▸ Given records:

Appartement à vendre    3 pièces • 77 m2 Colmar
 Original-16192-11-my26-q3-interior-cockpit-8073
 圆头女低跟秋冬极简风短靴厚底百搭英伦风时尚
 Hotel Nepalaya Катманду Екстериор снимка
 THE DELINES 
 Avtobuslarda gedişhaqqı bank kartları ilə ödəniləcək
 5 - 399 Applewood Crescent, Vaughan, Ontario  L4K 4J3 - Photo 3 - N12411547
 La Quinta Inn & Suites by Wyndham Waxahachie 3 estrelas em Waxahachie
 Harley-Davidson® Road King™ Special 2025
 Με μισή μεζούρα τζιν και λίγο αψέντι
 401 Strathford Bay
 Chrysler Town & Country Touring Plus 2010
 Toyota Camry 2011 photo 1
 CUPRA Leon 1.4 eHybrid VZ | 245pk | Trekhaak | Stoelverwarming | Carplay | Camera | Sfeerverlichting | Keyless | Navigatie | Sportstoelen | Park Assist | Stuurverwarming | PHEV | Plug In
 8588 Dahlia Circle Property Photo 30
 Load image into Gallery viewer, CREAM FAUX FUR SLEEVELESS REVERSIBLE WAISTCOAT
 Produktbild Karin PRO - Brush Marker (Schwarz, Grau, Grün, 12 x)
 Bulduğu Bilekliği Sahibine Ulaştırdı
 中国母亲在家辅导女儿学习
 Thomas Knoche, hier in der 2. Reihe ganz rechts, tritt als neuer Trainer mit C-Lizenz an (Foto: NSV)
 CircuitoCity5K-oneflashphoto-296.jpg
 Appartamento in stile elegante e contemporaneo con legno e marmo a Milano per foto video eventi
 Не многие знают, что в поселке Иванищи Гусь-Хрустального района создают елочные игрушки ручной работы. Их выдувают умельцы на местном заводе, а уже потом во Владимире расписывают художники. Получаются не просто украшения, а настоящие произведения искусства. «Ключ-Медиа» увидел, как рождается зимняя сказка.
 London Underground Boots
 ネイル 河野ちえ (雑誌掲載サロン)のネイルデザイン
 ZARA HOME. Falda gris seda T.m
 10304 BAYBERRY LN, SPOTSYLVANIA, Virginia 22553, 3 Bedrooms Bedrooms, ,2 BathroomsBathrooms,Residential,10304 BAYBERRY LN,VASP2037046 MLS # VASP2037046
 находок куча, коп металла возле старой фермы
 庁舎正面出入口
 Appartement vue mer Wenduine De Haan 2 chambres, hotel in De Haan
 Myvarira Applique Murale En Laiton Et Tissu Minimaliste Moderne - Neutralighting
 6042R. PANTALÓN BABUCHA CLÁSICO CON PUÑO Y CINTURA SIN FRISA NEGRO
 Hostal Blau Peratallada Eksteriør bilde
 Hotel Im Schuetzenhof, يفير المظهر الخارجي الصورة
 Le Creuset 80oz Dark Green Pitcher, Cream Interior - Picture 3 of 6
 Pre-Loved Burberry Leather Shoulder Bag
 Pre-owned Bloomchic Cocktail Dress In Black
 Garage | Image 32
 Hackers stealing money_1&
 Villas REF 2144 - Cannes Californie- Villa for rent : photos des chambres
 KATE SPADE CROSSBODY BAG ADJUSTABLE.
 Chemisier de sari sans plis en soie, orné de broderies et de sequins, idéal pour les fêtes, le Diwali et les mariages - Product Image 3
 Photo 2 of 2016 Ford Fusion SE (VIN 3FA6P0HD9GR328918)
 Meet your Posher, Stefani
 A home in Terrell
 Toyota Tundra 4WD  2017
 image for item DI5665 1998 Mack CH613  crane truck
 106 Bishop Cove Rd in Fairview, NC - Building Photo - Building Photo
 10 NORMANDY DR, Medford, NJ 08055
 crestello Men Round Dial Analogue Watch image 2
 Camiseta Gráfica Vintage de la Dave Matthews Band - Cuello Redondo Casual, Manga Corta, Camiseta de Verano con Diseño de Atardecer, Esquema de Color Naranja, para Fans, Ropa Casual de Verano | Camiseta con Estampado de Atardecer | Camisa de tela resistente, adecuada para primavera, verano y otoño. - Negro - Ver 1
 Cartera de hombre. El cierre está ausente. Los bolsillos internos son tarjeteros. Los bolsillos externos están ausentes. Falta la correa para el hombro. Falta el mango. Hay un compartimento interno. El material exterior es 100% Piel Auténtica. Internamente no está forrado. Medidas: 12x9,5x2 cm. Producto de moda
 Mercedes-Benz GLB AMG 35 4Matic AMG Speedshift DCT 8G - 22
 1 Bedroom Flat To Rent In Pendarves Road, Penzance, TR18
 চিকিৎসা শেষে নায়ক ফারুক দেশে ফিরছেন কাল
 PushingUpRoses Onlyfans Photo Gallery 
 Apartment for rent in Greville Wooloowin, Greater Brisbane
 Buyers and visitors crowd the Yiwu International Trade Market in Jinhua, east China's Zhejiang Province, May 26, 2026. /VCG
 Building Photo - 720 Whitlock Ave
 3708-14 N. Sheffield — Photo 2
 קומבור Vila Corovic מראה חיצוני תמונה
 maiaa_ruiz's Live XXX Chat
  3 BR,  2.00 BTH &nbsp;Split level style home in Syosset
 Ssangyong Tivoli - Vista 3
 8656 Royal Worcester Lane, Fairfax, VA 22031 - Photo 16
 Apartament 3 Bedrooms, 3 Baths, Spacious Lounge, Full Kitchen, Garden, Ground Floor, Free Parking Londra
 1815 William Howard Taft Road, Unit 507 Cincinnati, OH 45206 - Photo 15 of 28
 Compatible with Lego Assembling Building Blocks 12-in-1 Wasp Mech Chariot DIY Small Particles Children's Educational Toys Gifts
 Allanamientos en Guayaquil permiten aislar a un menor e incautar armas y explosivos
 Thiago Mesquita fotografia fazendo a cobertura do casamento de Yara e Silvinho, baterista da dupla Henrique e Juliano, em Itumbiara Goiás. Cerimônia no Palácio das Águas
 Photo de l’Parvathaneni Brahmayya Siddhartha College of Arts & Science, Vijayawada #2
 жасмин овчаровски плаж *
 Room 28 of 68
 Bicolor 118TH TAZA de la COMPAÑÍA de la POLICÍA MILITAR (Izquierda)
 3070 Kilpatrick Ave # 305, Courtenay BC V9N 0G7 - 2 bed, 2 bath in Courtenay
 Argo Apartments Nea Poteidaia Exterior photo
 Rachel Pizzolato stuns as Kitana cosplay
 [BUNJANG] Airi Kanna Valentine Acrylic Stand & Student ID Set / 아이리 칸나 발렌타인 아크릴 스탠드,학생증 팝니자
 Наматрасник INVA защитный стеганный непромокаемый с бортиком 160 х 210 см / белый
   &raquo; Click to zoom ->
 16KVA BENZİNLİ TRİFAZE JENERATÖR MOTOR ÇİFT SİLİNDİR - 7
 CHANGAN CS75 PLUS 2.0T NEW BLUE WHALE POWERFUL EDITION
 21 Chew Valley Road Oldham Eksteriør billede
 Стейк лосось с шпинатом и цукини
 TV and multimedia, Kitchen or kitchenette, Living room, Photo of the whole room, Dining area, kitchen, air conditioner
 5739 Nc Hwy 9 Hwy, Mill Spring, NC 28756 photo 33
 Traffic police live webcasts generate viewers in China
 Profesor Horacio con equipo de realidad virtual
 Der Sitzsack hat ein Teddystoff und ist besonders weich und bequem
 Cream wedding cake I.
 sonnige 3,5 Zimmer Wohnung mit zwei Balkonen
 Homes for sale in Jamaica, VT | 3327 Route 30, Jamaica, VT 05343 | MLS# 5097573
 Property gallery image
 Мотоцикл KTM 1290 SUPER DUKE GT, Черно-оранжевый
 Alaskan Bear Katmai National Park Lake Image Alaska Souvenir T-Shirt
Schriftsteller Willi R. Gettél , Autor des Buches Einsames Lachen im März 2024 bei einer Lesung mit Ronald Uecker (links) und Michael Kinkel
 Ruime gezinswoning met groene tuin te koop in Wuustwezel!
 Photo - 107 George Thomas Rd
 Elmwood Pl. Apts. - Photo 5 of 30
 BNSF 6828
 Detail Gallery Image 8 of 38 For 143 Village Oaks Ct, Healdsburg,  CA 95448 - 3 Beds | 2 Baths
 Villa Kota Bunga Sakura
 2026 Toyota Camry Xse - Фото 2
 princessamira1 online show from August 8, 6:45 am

▸ Exercise description:
Lines from the first one above through the line containing "401 Strathford Bay" are to be retyped exactly, both included, and nothing more.

▸ Solved problem:
Appartement à vendre    3 pièces • 77 m2 Colmar
 Original-16192-11-my26-q3-interior-cockpit-8073
 圆头女低跟秋冬极简风短靴厚底百搭英伦风时尚
 Hotel Nepalaya Катманду Екстериор снимка
 THE DELINES 
 Avtobuslarda gedişhaqqı bank kartları ilə ödəniləcək
 5 - 399 Applewood Crescent, Vaughan, Ontario  L4K 4J3 - Photo 3 - N12411547
 La Quinta Inn & Suites by Wyndham Waxahachie 3 estrelas em Waxahachie
 Harley-Davidson® Road King™ Special 2025
 Με μισή μεζούρα τζιν και λίγο αψέντι
 401 Strathford Bay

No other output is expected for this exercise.